In a major blow, the Court of Appeal unanimously dismissed claims the hike was unlawful discrimination or a breach of human rights.
Three top judges also dismissed claims that advertising of the changes was inadequate – despite women saying they were not told and in some cases left destitute.
It comes almost a year after the Back to 60 campaign lost a High Court fight over the same issue last October. The campaigners had launched a case in the Court of Appeal to overturn that judgment – but failed in their bid today.
It comes after years of battles for around 3.8million women born in the 1950s, who are having their state pension age hiked so it reaches 66 by next month.
Ministers say the change is to make women’s retirement age equal to men’s – and have claimed it would cost £181bn to fully reverse.
They also accuse Boris Johnson of failing to fulfil a promise to help them when he stood for Tory leadership.
In July 2019, Mr Johnson promised to « return to this issue with fresh vigour and new eyes and see what I can do to sort it out. »
Yet he later said it was a « difficult issue » and government has already « done our best to try to satisfy that group ».
The case brought by Julie Delve, 62, and Karen Glynn, 63, alleged the changes were unlawful discrimination, based either on gender or a combination of age and gender.
It also raised questions about how the government should have informed them about the changes – which date back to the 1995 and 2011 Pension Acts.
But the Court of Appeal ruled the women did not suffer unlawful discrimination or have their human rights breached.
Judges added the women were not inadequately informed because there was « no promise » by the government that they would be, beyond a pledge that Parliament would not change the age without prior consultation.
Today’s judgment added: « The Divisional Court were entitled to conclude as a fact that there has been adequate and reasonable notification given by the publicity campaigns implemented by the Department over a number of years. »

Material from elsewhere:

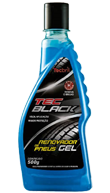 Tecblack Renovador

Master of the Rolls Sir Terence Etherton reached today’s judgment with Lord Justice Underhill and Lady Justice Rose.
The senior justices said they felt « sympathy » for the women affected but « this is not a case where the court can interfere with the decisions taken through the Parliamentary process ». »
They said it was « impossible to say » that the government’s balancing act, of making pensions affordable for an ageing population, was « manifestly without reasonable foundation » under the law.
The High Court previously ruled the rise from 60 to 66 « corrects historic direct discrimination against men ».
That infuriated campaigners – who said women had faced discrimination in other areas for most of their lives.
Carol May, 65, from Hertford told the Mirror last year: « When I first got married I wasn’t allowed a bank account or a mortgage in my name unless a man verified it. That’s how life was when I was in my 20s.
« I have had to use food banks. I have had friends go and do me a week’s shopping in order to eat.
« I have one of my heaters on in my flat when it’s really cold – otherwise I can’t afford to use my heating. »
Back to 60 – which led the case – says women had a « legitimate expectation » to receive their pension aged 60 and demands « the return of those earned dues ».
Separately, Women Against State Pension Inequality (WASPI) is calling for « fair transitional arrangements » to help women financially, but not a full return to age 60.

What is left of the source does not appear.